*WORK ORDER:*
Everything in the data that follows should be given again verbatim, except the images.

════════

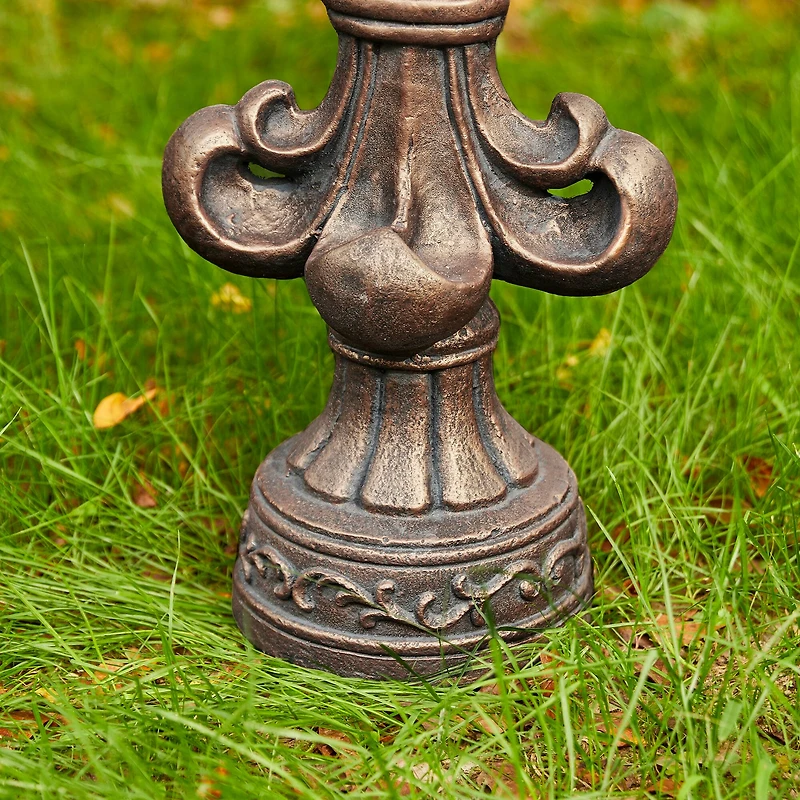 Glitzhome® 21.25" Bronze Standing Fleur De Lis Garden Statue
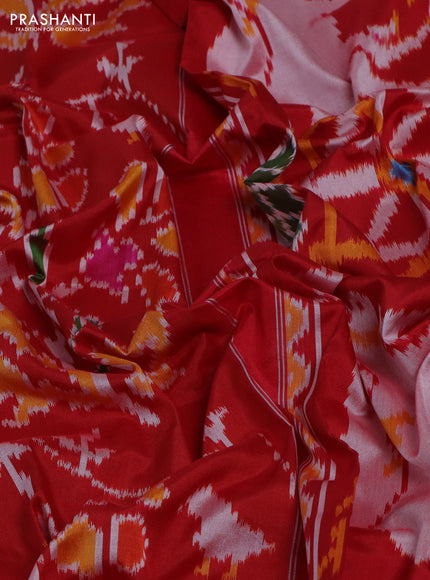 Pochampally silk saree red with allover ikat weaves and simple border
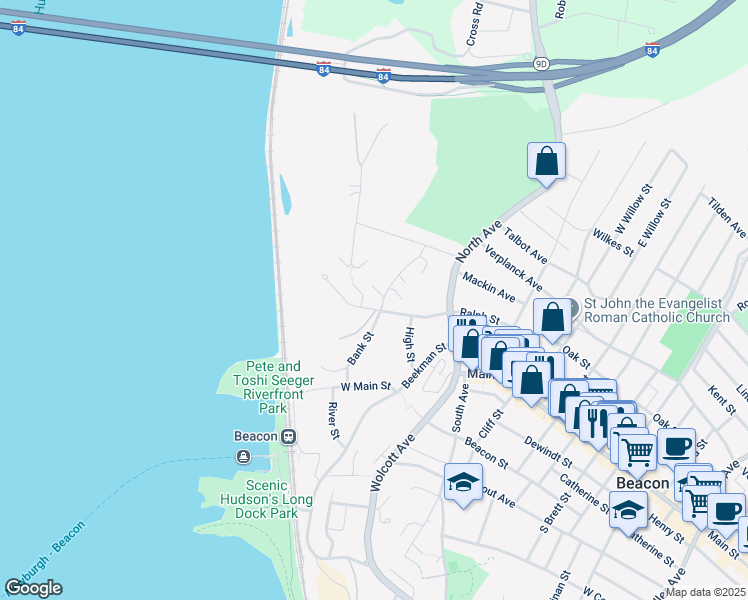 map of restaurants, bars, coffee shops, grocery stores, and more near 193 Tompkins Terrace in Beacon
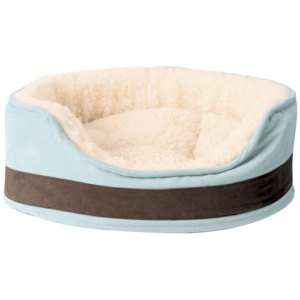 Furhaven Microsuede Modern Strip Oval Pet Dog Beds  
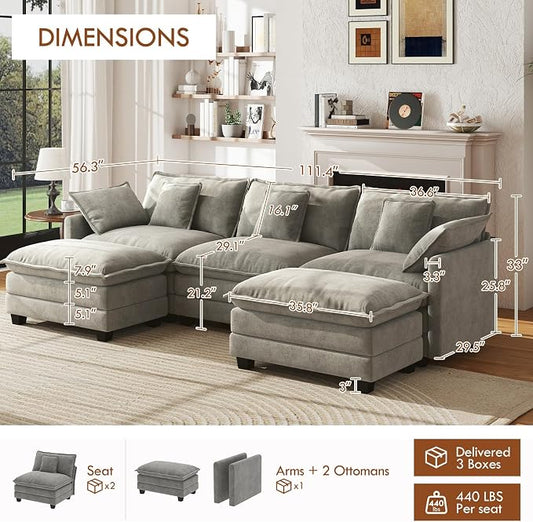 WorthFurni 111.4” Modular Sectional Sofa, U Shape Cloud Couch with 2 Movable Ottoman, Comfy Chenille Deep Seat Sofa with Soft Pillows for Apartment Living Room Bedroom（Grey）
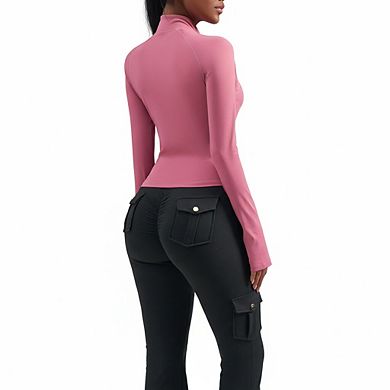 Women's Cropped Running Workout Jackets Zip Slim Fit Athletic Coat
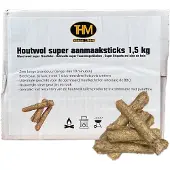 THM Houtwol aanmaak krullen geperste tot super aanmaaksticks 1,5kg in voordeeldoos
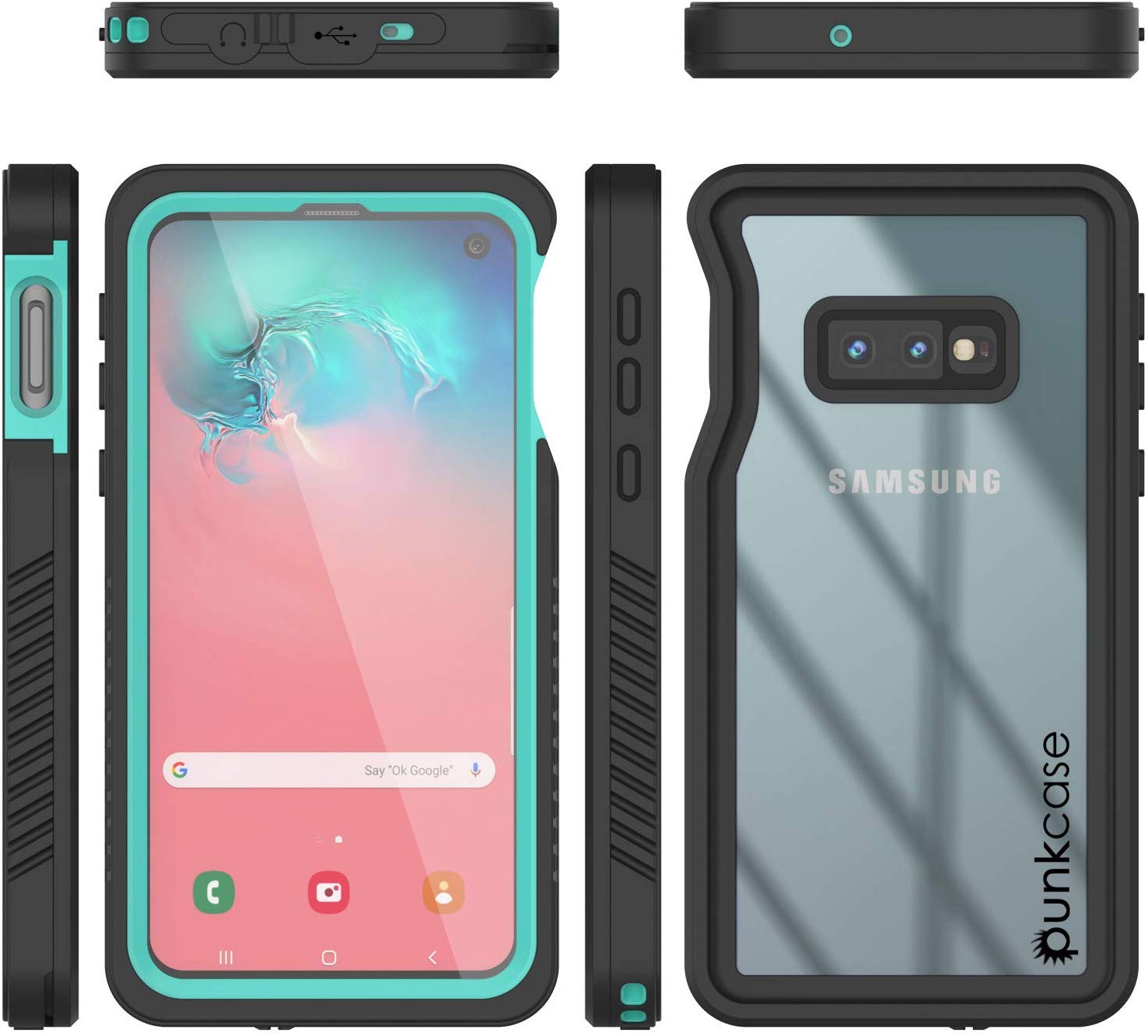 Galaxy S10e à Prova d'Água/Choque/Neve | Protetor de Tela Caso [Azul-petróleo]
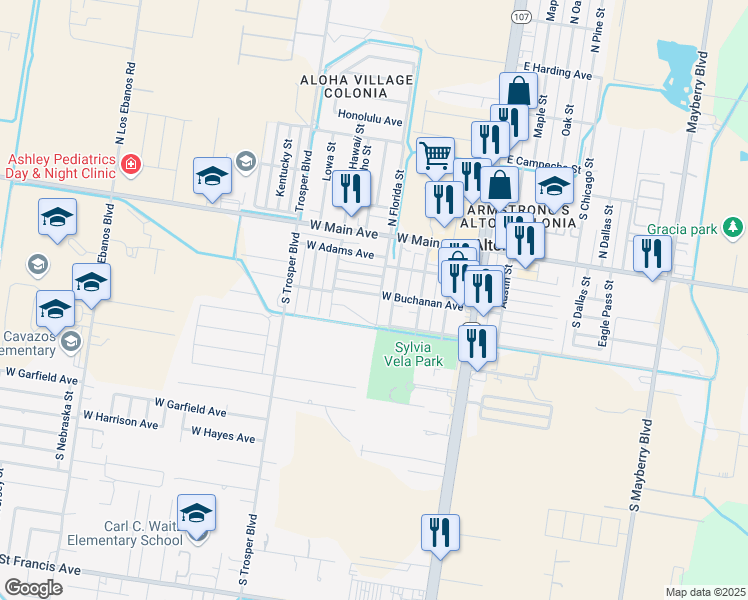 map of restaurants, bars, coffee shops, grocery stores, and more near 412 East Buchanan Avenue in Alton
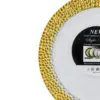 Juego de 5 platos blancos con orilla dorada de plastico de 23cm - Image 3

════════

*EXERCISE ANSWER:*
 Glitzhome® 21.25" Bronze Standing Fleur De Lis Garden Statue
 Pochampally silk saree red with allover ikat weaves and simple border
 map of restaurants, bars, coffee shops, grocery stores, and more near 193 Tompkins Terrace in Beacon
 Furhaven Microsuede Modern Strip Oval Pet Dog Beds  
 WorthFurni 111.4” Modular Sectional Sofa, U Shape Cloud Couch with 2 Movable Ottoman, Comfy Chenille Deep Seat Sofa with Soft Pillows for Apartment Living Room Bedroom（Grey）
 Women's Cropped Running Workout Jackets Zip Slim Fit Athletic Coat
 THM Houtwol aanmaak krullen geperste tot super aanmaaksticks 1,5kg in voordeeldoos
 Galaxy S10e à Prova d'Água/Choque/Neve | Protetor de Tela Caso [Azul-petróleo]
 map of restaurants, bars, coffee shops, grocery stores, and more near 412 East Buchanan Avenue in Alton
 Juego de 5 platos blancos con orilla dorada de plastico de 23cm - Image 3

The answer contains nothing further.